1. Get a huge downpayment. The most apparent way to possibly be safe, and not always possible.
2. Acquire other security. As long as they want it using little down, and also you like the return you will get, make it protected by putting a mortgage on other property you owns, to be released when they've paid down the total amount to a certain level.
3. Examine their credit. Ask them to pay for and bring you a credit survey. Bad credit can be okay, but form of bad credit is very important. Unpaid hospital expenses they're disputing aren't as relevant while unpaid loans.
several. Trust your instincts. If you are often right about men and women, give some weight in your judgement of the character. I'd trust a guy who felt morally obliged to spend his debts over the playboy that happens to own decent income at the moment.
5. Consider the full picture. Suppose the bank will mortgage 90%, and is okay to you taking back the $5, 000 next mortgage, allowing you to get in using what cash he provides. If you're having $6, 000 greater than you expected by simply accomodating the bidder's needs, where's the loss? You're okay when he never pays off the $5, 000, appropriate?
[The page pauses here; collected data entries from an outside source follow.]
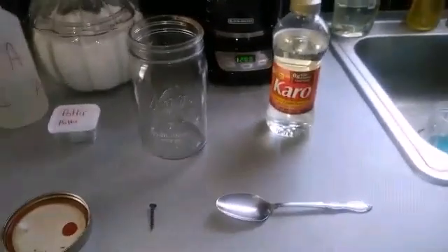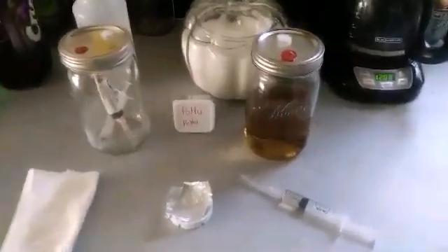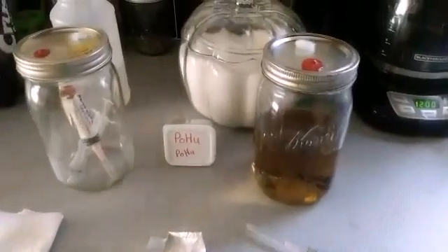I got my Karo corn syrup in there. See how I filled it up between the two words on the jar — about that far. I threw in a drywall screw — you probably can't see it. Now I'm going to pressure cook this.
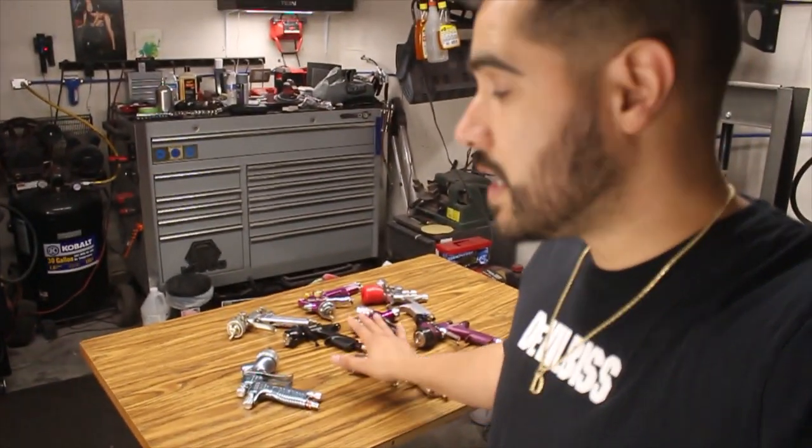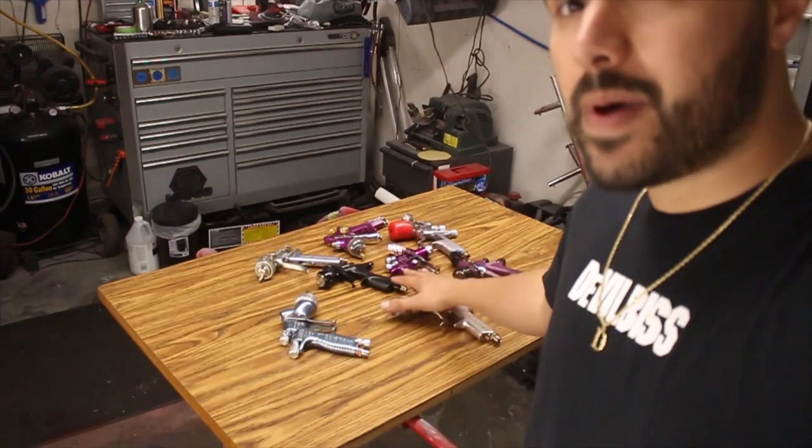Now, as you guys can see behind me, I've got about eight different spray guns. They vary from brand to brand, but it doesn't really matter the brand. What's going to matter is the specs for each spray gun. Each spray gun is going to vary, so let's go ahead and grab one.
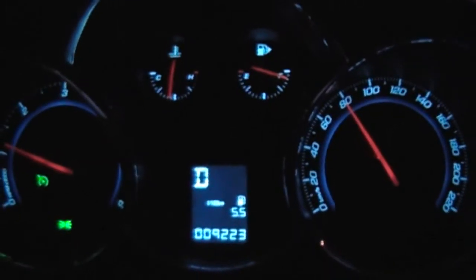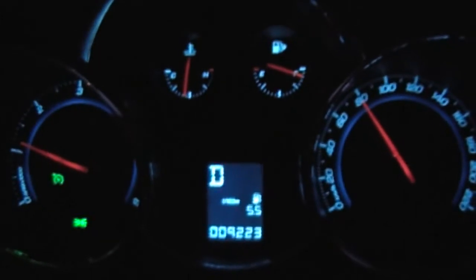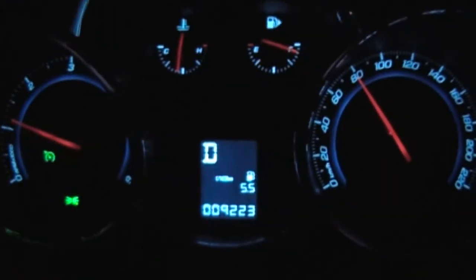We're going to do the 80 to 120 km/h passing test. The green light is cruise control, and it's on when it's green.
6. Talk into a lawyer. Maybe in the area it takes two years to obtain a foreclosure on a mortgage through the surfaces, and only half a year to foreclose on the "contract for purchase. " Knowing these things will help you sell in the particular safest way.
Offering seller financing makes it easier to sell, and to get a higher price. You need to be safe about the item. Have a property lawyer review your current paperwork, and utilize tips here.